Control is located in the same position as on PC keyboards.

Command is located between the spacebar and Option (in the same position as Alt on typical PC keyboards, but I believe it sends the same scan code as the Windows key on PC keyboards.

I’ve got a Logitech bluetooth keyboard in front of me that has separate Mac and PC modes, and it has the keys adjacent to the spacebar marked as “alt” for PC and “command” for Mac.

Personally, I’m planning to set things up with a Command key on the left, and Alt/Option key on the right, and use Palm + Command to send LAlt/LOption, and Palm + Alt to send RCommand. This gives me all eight usual modifiers, and a nearly-symmetric keyboard.

My draft layout is on KLE.

If you’re using the palm fn key to modify your modifiers, then you can’t use it for an embedded fn-layer. Is that what you intend?

Why not? “Fn+Command” is “Alt” in my plan. Is there some reason that’s impossible?

Let’s take the example of arrow keys. To get an arrow key, you hit fn+hjkl. So to get command-arrowkey you hit fn+command+hjkl. But if fn+command is now alt…?

I want a mode switch that’s independent of layers and doesn’t require anything more than pressing some key combination, but all I need it for is the most common commands that are different. Cut, copy, paste, and undo are infuriating when switching back and forth, as I do, because they use Command on Mac, but Control on everything else. Application and window switching are the other one (Command on Mac, but Alt on everything else).

My biggest problem is that Emacs and XQuartz apps (i.e. Inkscape) continue to use Control and Alt(Option), but not Command.

Oh, thanks! This is so much easier to do when actually testing…

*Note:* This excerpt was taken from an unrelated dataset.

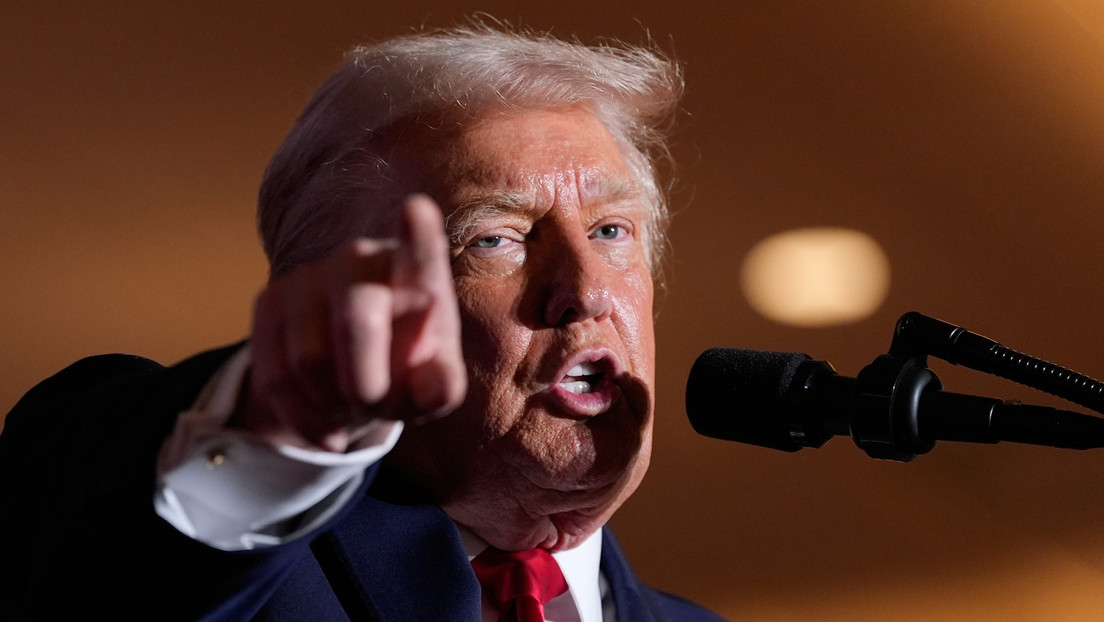 Trump: "Acabamos de incautar un petrolero en las costas de Venezuela"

There are building blocks that help you achieve this, you just have to lego the pieces together (I’ll happily help with that, these make very good examples for documentation and HOWTOs), instead of having a ready-made, generic plugin that Just Works™ (this last bit appears to be the… impossible task in this case).

Now that I think about it, that’s not the real problem. I could still get command+arrow by using Fn+alt+arrow. The problem is that it doesn’t actually get me the other modifiers with keys that are re-mapped on that layer…unless I do something more complicated, like using left palm + right alt to get right command as a one-shot or sticky modifier, but using right palm + right alt alone.